Luka Stojanovic - The Fractality of Superposition: Towards Jonathan Fardy, Laruelle and Art: The Aesthetics of Non-Philosophy
Jonathan Fardy, Laruelle and Art: The Aesthetics of Non-Philosophy (London: Bloomsbury Academic, 2020)
Luka Stojanovic
Bionote: Luka Stojanovic (1996) holds an Honours BA with Specialization in Philosophy from the University of Ottawa (2018) and an MPhil in Film and Screen Studies from the University of Cambridge (2019). His research interests include environmental philosophy, non-philosophy, and political ecology.
Independent Researcher
ls803@cantab.ac.uk
Any commentator of François Laruelle’s non-philosophical thought must inevitably confront the question of how to explain non-philosophy without reducing it to the terms of standard philosophy. In other words, how can one introduce non-philosophy without one’s explanation rendering non-philosophy yet another form of “Philosophical Decision” that offers an authoritative conceptualization of the Real (49). In Laruelle and Art: The Aesthetics of Non-Philosophy, Jonathan Fardy navigates this challenging terrain by modelling his thought according to the “immanent ‘hypothes[es]’” of the numerous artistic works he considers, offering an accessible introduction to non-aesthetics as well as a performative posture of the practice of non-aesthetics (69).

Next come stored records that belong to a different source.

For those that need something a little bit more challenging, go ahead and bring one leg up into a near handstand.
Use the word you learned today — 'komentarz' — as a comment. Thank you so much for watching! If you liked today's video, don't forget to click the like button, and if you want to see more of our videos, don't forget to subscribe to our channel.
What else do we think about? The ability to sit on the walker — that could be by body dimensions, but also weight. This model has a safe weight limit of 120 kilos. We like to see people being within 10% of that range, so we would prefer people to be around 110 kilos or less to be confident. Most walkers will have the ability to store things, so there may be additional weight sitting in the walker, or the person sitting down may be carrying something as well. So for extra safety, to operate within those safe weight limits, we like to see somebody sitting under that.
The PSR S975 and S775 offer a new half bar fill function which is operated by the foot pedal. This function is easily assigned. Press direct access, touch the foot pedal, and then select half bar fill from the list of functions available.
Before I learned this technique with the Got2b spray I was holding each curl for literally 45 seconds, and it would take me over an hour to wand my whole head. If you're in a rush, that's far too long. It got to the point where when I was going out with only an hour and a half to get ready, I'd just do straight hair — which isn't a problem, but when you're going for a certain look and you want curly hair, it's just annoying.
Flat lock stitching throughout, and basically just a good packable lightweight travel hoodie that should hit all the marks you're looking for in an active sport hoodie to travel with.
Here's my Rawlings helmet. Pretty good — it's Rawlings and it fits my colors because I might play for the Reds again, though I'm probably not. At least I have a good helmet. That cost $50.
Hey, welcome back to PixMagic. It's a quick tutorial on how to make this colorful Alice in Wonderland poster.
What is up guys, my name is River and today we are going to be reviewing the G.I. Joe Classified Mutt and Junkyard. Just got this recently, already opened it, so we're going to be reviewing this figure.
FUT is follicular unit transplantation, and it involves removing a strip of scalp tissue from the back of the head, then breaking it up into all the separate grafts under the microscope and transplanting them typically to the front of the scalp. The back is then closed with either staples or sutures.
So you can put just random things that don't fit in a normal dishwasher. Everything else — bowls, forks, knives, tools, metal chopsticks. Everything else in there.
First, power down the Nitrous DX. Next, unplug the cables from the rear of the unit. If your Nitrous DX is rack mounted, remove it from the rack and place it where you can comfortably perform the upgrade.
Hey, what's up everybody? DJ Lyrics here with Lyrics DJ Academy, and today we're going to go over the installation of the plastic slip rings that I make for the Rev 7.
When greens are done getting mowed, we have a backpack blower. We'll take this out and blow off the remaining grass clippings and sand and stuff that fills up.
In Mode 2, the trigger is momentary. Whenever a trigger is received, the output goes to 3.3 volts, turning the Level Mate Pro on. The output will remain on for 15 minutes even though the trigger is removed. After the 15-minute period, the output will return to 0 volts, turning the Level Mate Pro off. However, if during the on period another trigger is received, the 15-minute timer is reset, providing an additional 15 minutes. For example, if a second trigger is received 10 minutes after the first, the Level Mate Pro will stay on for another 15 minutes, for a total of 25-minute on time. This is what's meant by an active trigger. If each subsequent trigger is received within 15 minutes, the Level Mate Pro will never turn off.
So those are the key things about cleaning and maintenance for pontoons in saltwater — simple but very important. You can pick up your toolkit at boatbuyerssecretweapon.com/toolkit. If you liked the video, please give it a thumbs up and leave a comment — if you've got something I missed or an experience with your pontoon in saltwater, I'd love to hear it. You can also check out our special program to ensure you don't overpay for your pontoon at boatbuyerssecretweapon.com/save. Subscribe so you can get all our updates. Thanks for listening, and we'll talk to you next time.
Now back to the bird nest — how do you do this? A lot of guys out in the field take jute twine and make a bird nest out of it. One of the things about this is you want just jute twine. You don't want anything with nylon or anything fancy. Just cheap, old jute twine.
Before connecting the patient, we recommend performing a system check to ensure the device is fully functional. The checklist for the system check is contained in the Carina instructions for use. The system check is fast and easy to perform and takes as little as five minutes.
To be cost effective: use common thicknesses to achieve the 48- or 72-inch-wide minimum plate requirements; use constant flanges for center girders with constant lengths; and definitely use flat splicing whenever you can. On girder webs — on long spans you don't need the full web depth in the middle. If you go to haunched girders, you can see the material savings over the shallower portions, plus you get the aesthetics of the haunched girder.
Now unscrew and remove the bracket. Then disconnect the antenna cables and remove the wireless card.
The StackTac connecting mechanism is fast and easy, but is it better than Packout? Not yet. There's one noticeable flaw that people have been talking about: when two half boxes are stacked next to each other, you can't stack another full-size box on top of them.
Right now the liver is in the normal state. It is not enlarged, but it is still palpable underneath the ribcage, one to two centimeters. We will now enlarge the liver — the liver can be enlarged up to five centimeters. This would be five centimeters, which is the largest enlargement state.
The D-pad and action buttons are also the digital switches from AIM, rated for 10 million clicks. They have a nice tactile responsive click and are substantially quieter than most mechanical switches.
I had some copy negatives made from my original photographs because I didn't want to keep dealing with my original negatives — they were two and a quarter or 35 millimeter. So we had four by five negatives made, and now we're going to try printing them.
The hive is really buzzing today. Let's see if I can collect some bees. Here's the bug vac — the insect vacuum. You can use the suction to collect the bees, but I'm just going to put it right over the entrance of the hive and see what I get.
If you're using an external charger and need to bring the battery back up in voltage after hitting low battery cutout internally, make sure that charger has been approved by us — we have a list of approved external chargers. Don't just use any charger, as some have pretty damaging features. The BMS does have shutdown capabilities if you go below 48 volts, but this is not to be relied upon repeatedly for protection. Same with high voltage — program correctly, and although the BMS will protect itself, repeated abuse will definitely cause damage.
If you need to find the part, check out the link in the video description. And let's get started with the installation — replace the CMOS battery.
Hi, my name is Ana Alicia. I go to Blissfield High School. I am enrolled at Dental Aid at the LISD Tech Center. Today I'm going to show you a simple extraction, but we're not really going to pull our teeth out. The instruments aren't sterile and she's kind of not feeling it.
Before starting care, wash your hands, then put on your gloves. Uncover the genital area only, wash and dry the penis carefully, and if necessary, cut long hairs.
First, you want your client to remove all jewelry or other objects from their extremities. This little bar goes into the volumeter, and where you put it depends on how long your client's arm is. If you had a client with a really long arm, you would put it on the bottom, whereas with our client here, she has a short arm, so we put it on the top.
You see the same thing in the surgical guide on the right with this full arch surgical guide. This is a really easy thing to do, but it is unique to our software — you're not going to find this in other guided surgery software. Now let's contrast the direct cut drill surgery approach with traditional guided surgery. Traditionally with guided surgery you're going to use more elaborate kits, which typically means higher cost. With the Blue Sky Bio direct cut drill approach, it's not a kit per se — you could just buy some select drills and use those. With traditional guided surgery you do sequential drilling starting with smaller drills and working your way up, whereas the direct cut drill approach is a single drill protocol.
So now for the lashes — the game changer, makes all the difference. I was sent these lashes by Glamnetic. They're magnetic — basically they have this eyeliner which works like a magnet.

Laruelle and Art is primarily concerned with examining the relation between art and philosophy, one in which philosophy has historically exerted its self-legislated dominance over the meaning of art (23). This entrenched prioritization stems from standard philosophy’s capacity to auto-position itself as the definitively authoritative form of thought, one that is sufficient to know and then decide the Real (11). Rather than simply accept that philosophy can access the Real and, in turn, is justified in subordinating art to philosophy, Laruellian non-aesthetics, which Fardy expounds and mutates throughout this work, performs an experiment wherein it considers all thought to be “clone[d]” “raw materials” which equally have no access to the Real (xvii, xiv). Within this radical “democracy of thought,” the traditional conception of philosophy dominating over art is replaced by an “art of philosophy” or “art-thought,” in which the immanent hypothesis of an artwork becomes a model from which the two disciplines are “superposed” to form a “matrixed” thought (108, xvi, xiii, xiv, xvii). Fardy’s work is not only impressive in its clear engagement with how artists, artworks, and philosophers perform a posture of non-aesthetics, but particularly through its own performance of non-aesthetics, that is, an oscillation between modes of thought which complicate and, at moments, even transcend the border assumed by the question of the relation between art and philosophy (37).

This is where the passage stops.